- Directed by: Taiwo Egunjobi
- Produced by: Emiola Fagbenle
- Starring: Tayo Faniran, Jimmy Jean-Louis, Ini Dima-Okojie, Olarotimi Fakunle, William Benson
- Production company: Nemsia Studios
- Distributed by: Amazon Prime Video
- Release date: 3 June 2025;
- Languages: English, Yoruba, French

= The Fire and the Moth =

The Fire and the Moth is a 2025 Nigerian film directed by Nigerian author Taiwo Egunjobi, written by Isaac Ayodeji, and produced by Emiola Fagbenle. It was produced by Nemsia Studios, co‑produced with Sable Productions, and distributed internationally via Amazon Prime Video, debuting on 3 June 2025.

== Plot ==
The story follows Saba, a small-time smuggler in a remote community in western Nigeria, who is tasked with moving a stolen Ife bronze head across the border. The job unravels when a corrupt police officer, Opa Stephens, kills the thieves involved in the heist and turns on Saba, forcing him to flee.

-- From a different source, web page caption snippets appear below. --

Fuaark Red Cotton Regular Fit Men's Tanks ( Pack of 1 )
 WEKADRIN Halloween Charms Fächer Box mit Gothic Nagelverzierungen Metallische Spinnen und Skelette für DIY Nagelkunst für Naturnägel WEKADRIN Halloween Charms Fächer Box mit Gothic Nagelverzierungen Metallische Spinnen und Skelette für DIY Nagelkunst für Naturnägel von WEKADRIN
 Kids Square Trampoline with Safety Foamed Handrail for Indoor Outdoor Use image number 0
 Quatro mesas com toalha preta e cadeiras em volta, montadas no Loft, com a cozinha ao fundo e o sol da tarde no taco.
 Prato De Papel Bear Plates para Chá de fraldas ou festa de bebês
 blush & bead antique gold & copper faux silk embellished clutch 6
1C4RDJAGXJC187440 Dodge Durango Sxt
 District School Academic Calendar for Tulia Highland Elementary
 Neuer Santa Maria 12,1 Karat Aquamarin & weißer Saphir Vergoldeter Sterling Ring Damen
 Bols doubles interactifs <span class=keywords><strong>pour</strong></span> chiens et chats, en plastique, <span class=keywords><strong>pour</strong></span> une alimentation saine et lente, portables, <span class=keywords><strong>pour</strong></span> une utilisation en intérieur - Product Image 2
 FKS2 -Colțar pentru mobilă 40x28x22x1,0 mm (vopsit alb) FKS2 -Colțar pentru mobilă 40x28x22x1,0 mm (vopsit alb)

Saba hides out in the derelict home of two mysterious sisters. A ruthless enforcer known only as the Contractor, dispatched by European art collector Francois, hunts him down. A determined customs officer, Teriba Bello, emerges as another force pursuing the artifact. With danger at every turn, Saba must navigate betrayal, violence, and moral compromise to survive and free himself from the consequences of trafficking sacred art.

== Cast ==
Leads

- Tayo Faniran as Saba
- Jimmy Jean‑Louis as Contractor
- Olarotimi Fakunle as Opa Stephens
- Ini Dima‑Okojie as Abike
- William Benson as Teriba Bello

Supporting

- Amanda Ugoh as Arike
- Kuchi Chris as Queen
- Olufemi Samuel Ademiluyi as Oga Ibrahim
- Dami Deremi as Akinloye
- Olatubosun Odunsi as Saba's father
- Keppy Ekpenyong Bassey as Alimi Tanko
- Ronya Man as Lisa Brennan
- Awoyomi Akorede Yemi, Adedeji Busayo Michael, Abayomi Agboade, Israel Joshua, and Martin Nwachukwu appear in additional roles.

== Production ==
The film was produced by Nemsia Studios in collaboration with Sable Productions. Nemsia Studios is known for works such as Before 30 (2015), Banana Island Ghost (2017), God Calling (2018), Breath of Life (2023), and Suky (2025).

== Release and Reception ==
The Fire and the Moth premiered in festival programming during 2025 and was part of NollywoodWeek/NOW Film Festival programming. The film received a 7/10 rating.